+++ RECORDED INFORMATION

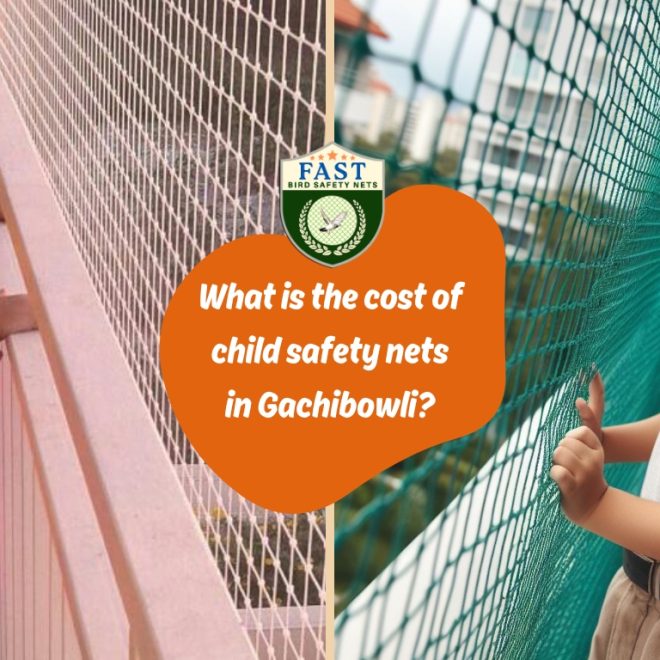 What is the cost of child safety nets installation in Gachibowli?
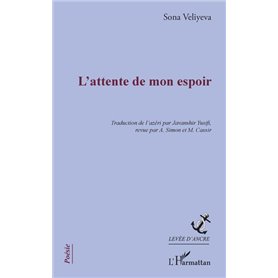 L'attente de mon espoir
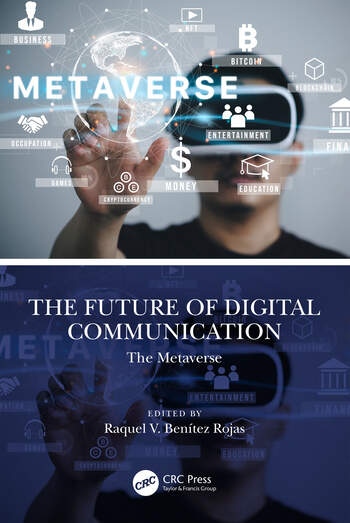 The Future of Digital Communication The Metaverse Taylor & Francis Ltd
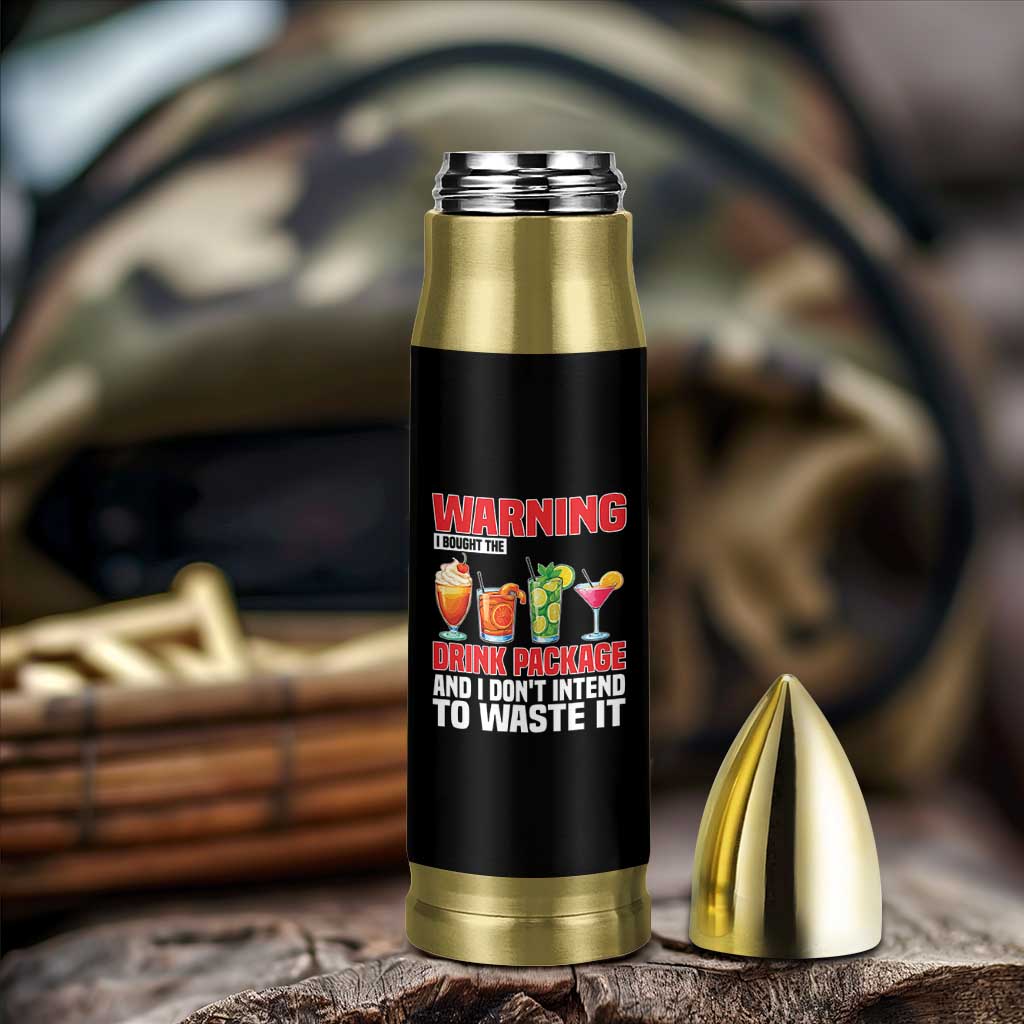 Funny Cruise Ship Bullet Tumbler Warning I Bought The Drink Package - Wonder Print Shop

++++++

ABOUT THIS EXERCISE:
Copy the material exactly as written and leave every picture behind.

ANSWER SECTION:
 What is the cost of child safety nets installation in Gachibowli?
 L'attente de mon espoir
 The Future of Digital Communication The Metaverse Taylor & Francis Ltd
 Funny Cruise Ship Bullet Tumbler Warning I Bought The Drink Package - Wonder Print Shop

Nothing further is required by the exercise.